Bonne nouvelle, car cela veut dire que les affaires reprennent ! Ces ultra-riches avaient vu leur nombre diminuer de 3 % en 2015. A la faveur du retour en grâce de la bourse et de l’immobilier, ces grands privilégiés possèdent désormais 13 % de la richesse disponible dans le monde alors qu’ils ne représentent que 0,004 % de la population globale.

Bonne nouvelle surtout, car en principe, l’enrichissement des plus riches est bénéfique à la croissance de leurs pays. C’est la fameuse théorie libérale du “Ruissellement”. A l’image d’un arbre sous la pluie qui grâce à ses feuilles capte toute l’eau dont il a besoin pour sa croissance. Mais l’eau ruisselle également sur le tronc et profite à tout son écosystème.
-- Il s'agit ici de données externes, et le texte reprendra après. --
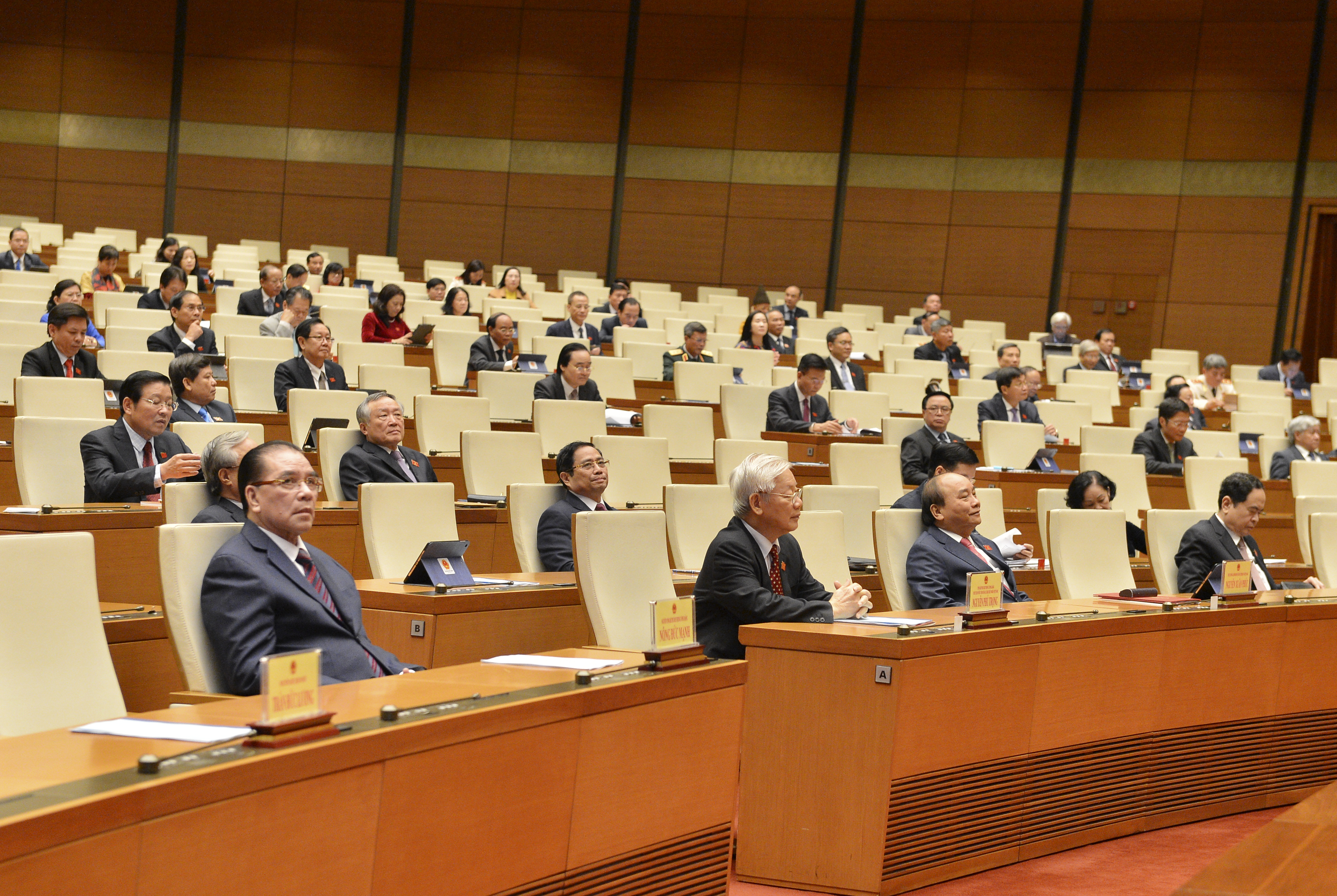 Lãnh đạo Đảng, Nhà nước, nguyên lãnh đạo Đảng, Nhà nước tham dự phiên khai mạc Kỳ họp thứ 10, Quốc hội khóa XIV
Bon le problème, c’est que cette théorie un peu touffue semble avoir du plomb dans l’aile ces dernières années ! Une étude récente du FMI montre que plus la fortune des riches s’accroît, moins forte est la croissance. Selon ces experts que l’on ne peut pas taxer de Mélenchonisme, lorsque les revenus des 20 % les plus aisés augmente de 1 %, le produit intérieur brut baisse dans les cinq ans qui suivent. Une analyse partagée par les analystes de l’OCDE. Selon eux, l’augmentation des inégalités entre 1985 et 2005 a coûté en moyenne près de 4,7 points de croissance cumulée dans les pays avancés,

Et ce serait moins du fait de l’envolée des revenus des plus riches que du sort réservé aux 40 % les plus défavorisés. En fait, les éléments qui favorisent la création de fortune colossale, la mondialisation, l’assouplissement du droit du travail, la baisse des salaires et la fiscalité avantageuse pour les plus riches sont autant d’éléments qui jouent en défaveur des plus pauvres.
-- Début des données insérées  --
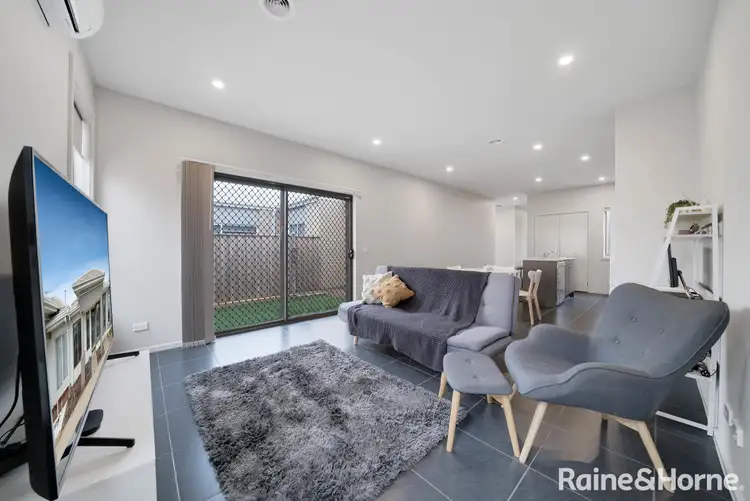 Sixth view of Homely house listing, 10 Baddaginnie Walk, Tarneit VIC 3029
Pas étonnant que ce soient les Etats aux régimes politiques et fiscaux favorables aux plus aisés qui vont voir le nombre de leurs ultra-riches bondir dans les années qui viennent. C’est le cas de Malte, du Canada, du Qatar ou encore de Monaco.
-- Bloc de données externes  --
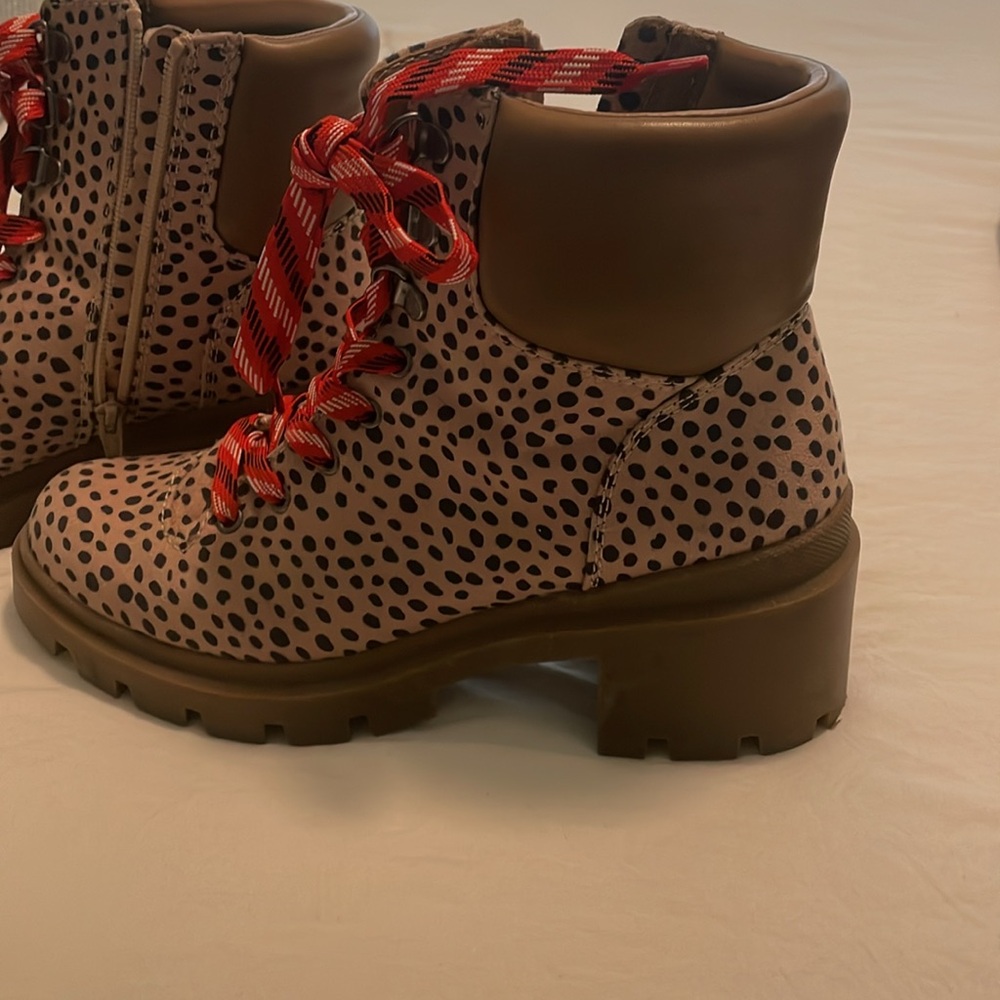 Universal Threads Cheetah Pattern Boots Size 9 - image 3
De même pour les pays sans droit du travail comme le Vietnam qui devrait compter 170 % d’ultra-riches en plus d’ici 2026. Il est talonné par l’Inde (+150 % jusqu’en 2026) et la Chine (+140 %). Aucun pays européen ne figure dans ce Top 10 puisque le premier pays du continent en matière de croissance du nombre de ses multimillionnaires est le Royaume-Uni, avec une progression de 30 % attendue sur la période.